U.S. stocks finished mostly lower, Monday, trimming their earlier losses experienced after news hit that the European Union is considering a plan to impose a levy on bank deposits in Cyprus in order to provide a financial bailout to the country.
According to reports, the EU will require a one-time tax of 6.75% on bank deposits of less than 100,000 euros, and 9.9% tax for those over 100,000 euros, a move many are dubbing "legalized bank robbery." A vote on this bailout, originally scheduled sometime Monday, is said to have been pushed back, with debate continuing on the terms of the deal.
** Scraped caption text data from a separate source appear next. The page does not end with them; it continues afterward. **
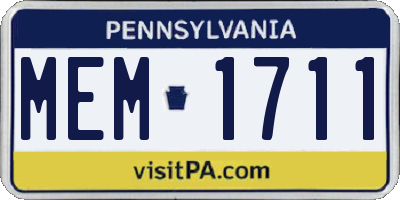 PA license plate MEM1711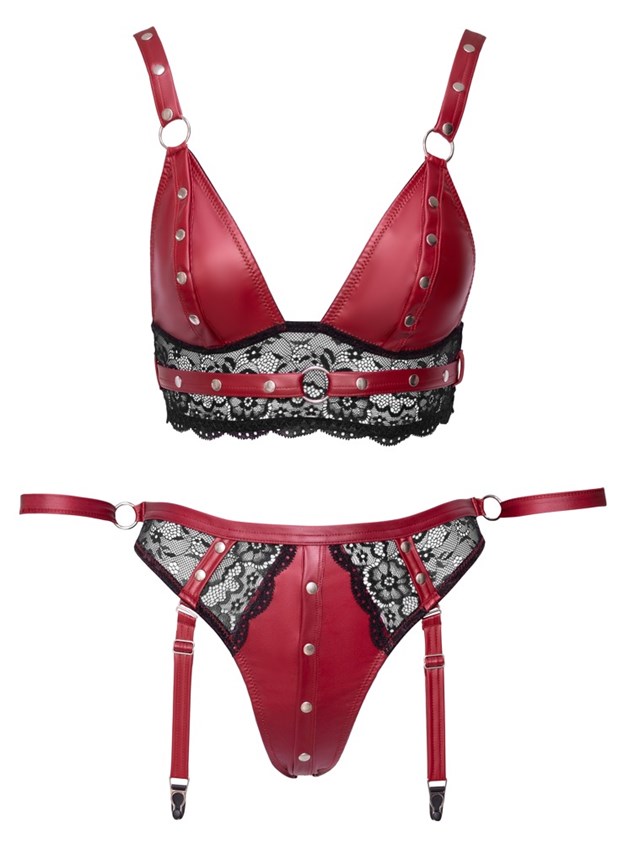 BRA SET BONDAGE - RED
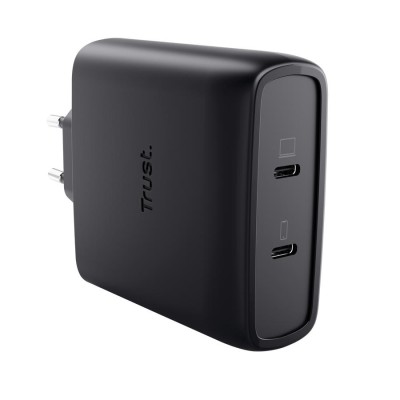 Зарядний пристрій мережевий Trust Maxo 100Вт, GaN, 2xUSB-C ,PD/PPS, чорний Зарядний пристрій мережевий Trust Maxo 100Вт, GaN, 2xUSB-C ,PD/PPS, чорний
By day's end, the Parliament had put off the vote for at least another day say its banks would remain closed through Thursday.
First Fear Then Calm
While the news caused some initial panic in the markets -- the Dow shed 100 points at opening bell -- fears of the potential fallout from Cypriot bailout request retreated as trading progressed. In a note, analysts at Barclays Capital commented that given the small size of Cyprus' economy it is unlikely that financial contagion will spread through the euro zone. The Cypriot economy makes up less than 0.5% of the euro zone's output. "We consider the likelihood of a bank run in other periphery countries to be limited, including in Greece," the analysts wrote in the report.
Stateside, the NAHB Housing Market Index, a gauge of home builder's confidence, registered a reading of 44, which was down from the prior month's reading of 46. Today's reading also missed the Briefing.com consensus which anticipated a 48. The 44 reading was the lowest since October.
Commodities finished mixed. Oil futures added 0.26% to close at $93.69 a barrel, while gold futures closed up 0.75% at $1,604.60 per ounce.